11年前に100歳で父が亡くなったが、亡父の口癖も同じような内容だった。亡くなった時にも机の上には、新聞に入っていたチラシの裏に書きかけのお経があった。写経を行っていたようで、遺品を整理したところ段ボール二箱以上の写経が出てきた。
紙の変色状態から10年20年前ではないことが伺われた。大量の蔵書とともに改めて知への飢餓感を知った。恐らくニュースで紹介された99歳の学生も知への欲求が高いのだろう。
放送大学は卒業証書も発行されて、知を学ぶ目標が明確であり、学びには数少ないよい制度である。情報化が進行した結果、書店がかつての半分に減少しただけでなく、知に関する雑誌も少なくなった。
かつては、雑誌”工業材料”はじめ、技術関係だけでも10誌以上あったように記憶している。少年ジャンプの5倍から10倍程度の価格だったが、読者がいたのだろう。発刊日に書店にはそれぞれ2-3冊おかれていたように思う。

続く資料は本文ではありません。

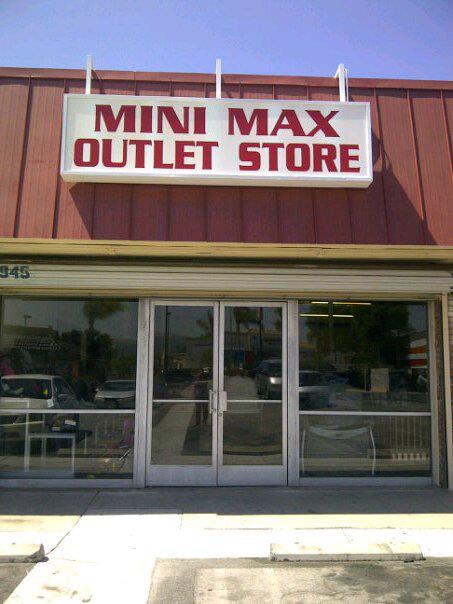 Mini Max Outlet Store | South El Monte CA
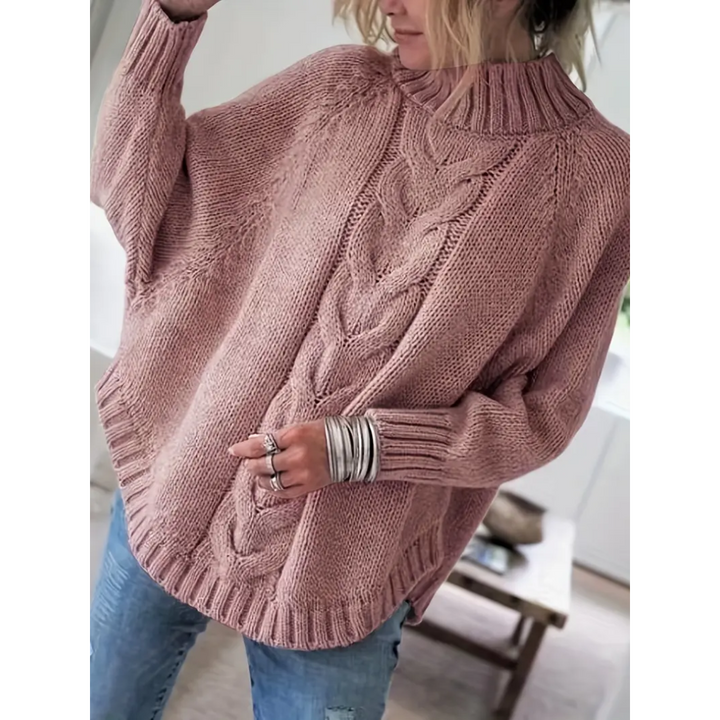 Annalisa | Pull Surdimensionné Tricoté Pour Femme | Chaud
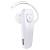 阿奇猫 无线蓝牙耳机入耳式迷你运动/车载耳机 适用于苹果/华为/oppo通用 A16S-挂绳版白色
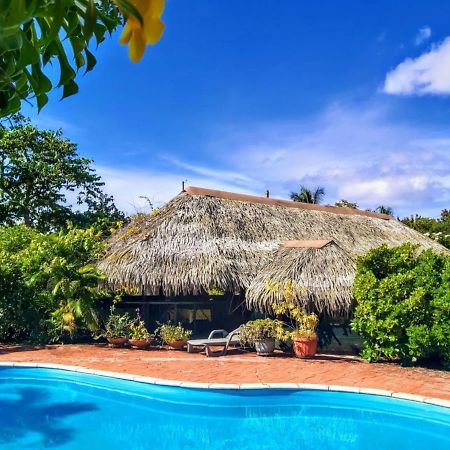 Huahine - Bungalow Pitate Fare Dış mekan fotoğraf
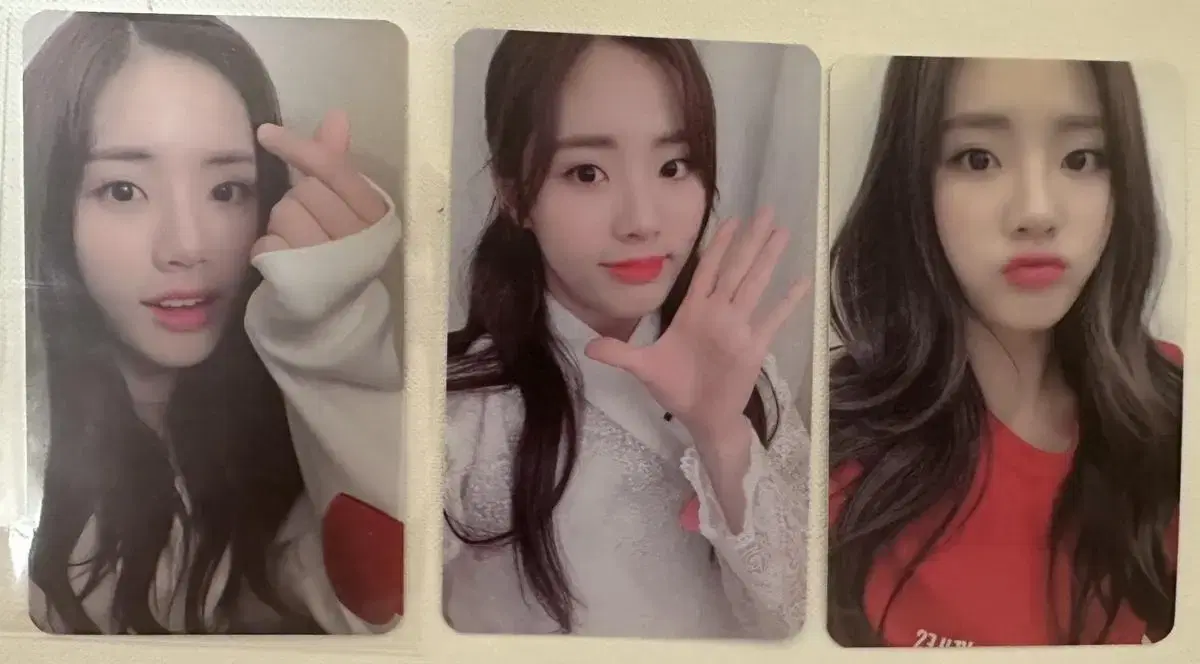 Fromis 9 park jiwon Twohearted Promise Photo Card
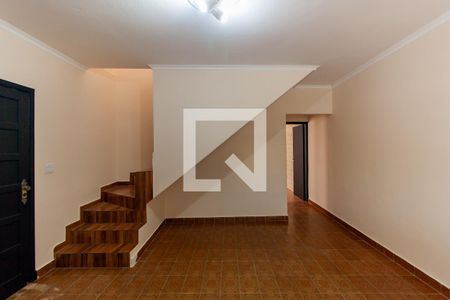 Sala de casa para alugar com 2 quartos, 132m² em Vila Ema, São Paulo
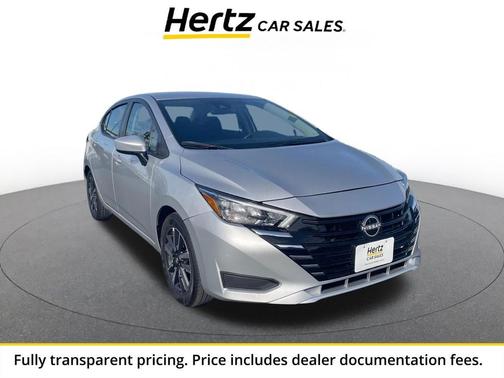 Brilliant Silver Metallic 2025 Nissan Versa 1.6 SV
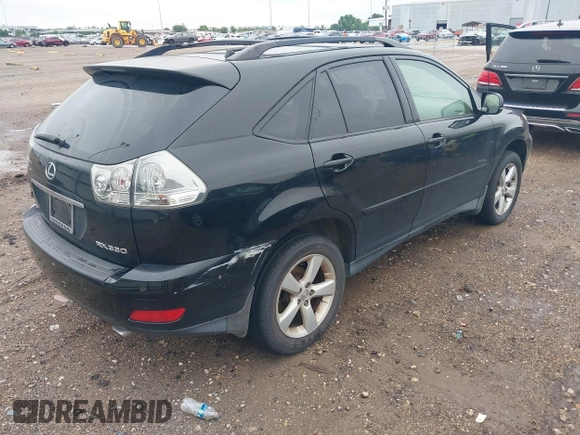 2004 Lexus RX with VIN JTJGA31U640036504, listed as a IAAI auction lot 42217804 with 187,909 mi miles and . Bid and sale history available at carsss.com. Image 4.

当方は工業材料をよく購入していたが、定期購入ではなく、書店で他の雑誌を物色した後購入するのが習慣だった。ゴム会社の図書室にも同様の雑誌は置かれていたが、図書室に並ぶのは1か月遅れであった。
すなわち、新刊は管理職に回覧された後に図書室に並んでいたのだが、せっかく回覧されていてもそれを読んでいない管理職もいたので、知への欲求には個人差があることを上司の姿から知った。
当方の新入社員当時の上司は、知への欲求が高いようなそぶりをしていたが、本を読むのが嫌いだったようで、英文の雑誌だけでなく和文の雑誌についても、要旨を報告する役目をよく指示された。

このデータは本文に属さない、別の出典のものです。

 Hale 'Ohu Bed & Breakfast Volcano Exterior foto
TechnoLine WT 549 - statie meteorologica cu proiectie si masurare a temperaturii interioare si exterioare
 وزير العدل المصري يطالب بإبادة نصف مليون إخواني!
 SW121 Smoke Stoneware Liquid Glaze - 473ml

本人が読んでいないだけでなく、部下育成の目的と言いつつそうでないことは、部下育成と明らかに無関係の記事などもあって迷惑だった記憶の方が多い。
ただし、今思いだしてみると知識の幅は広がったので、勉強嫌いの上司は部下育成がうまいという法則になるのかもしれない。しかし、要旨を報告してもそれが右から左へ受け流し状態ではモラールも下がったので、マネージャーとしての力量は他のメンバーの評価どおりだったのだろう。

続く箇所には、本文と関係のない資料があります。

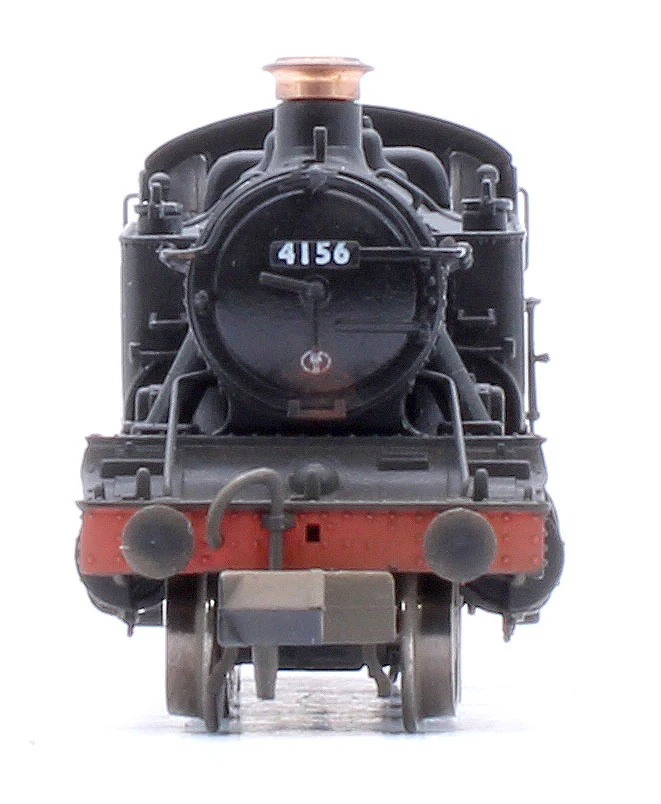 Custom Weathered Class 5101 Large Prairie British Railways BR Black (Late Crest) 2-6-2 Tank Locomotive No.4156 - Image 7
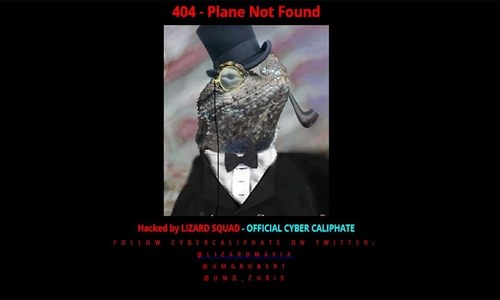 Malaysia Airline website hacked by group claiming support for IS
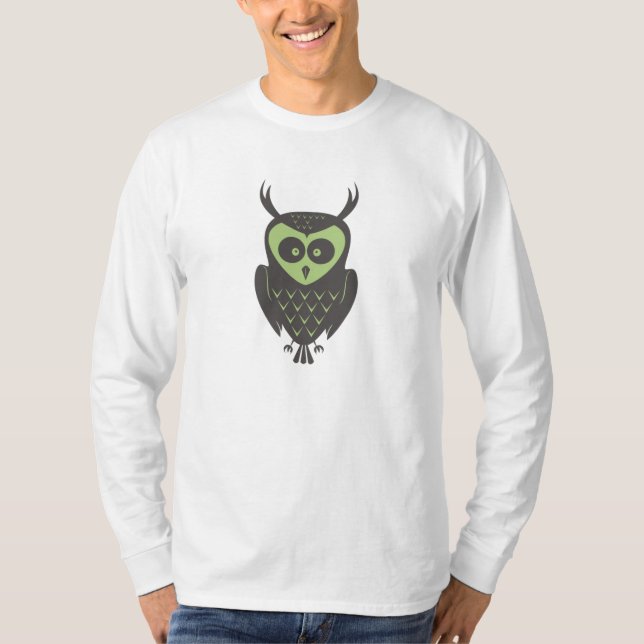 Autumn Owl T-Shirt (Front)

ただし、当方は右から左へ何でも鮮やかに受け流す技には感心していた。右から左だけでなく、上から落ちてきた責任までも、見事に下へ受け流していた。
入社間もない時に訳の分からない始末書を書かされた記憶は今でもこの上司の秀逸な能力として思い出す。ホウ酸エステル変性フォームはこのおかげで誕生している。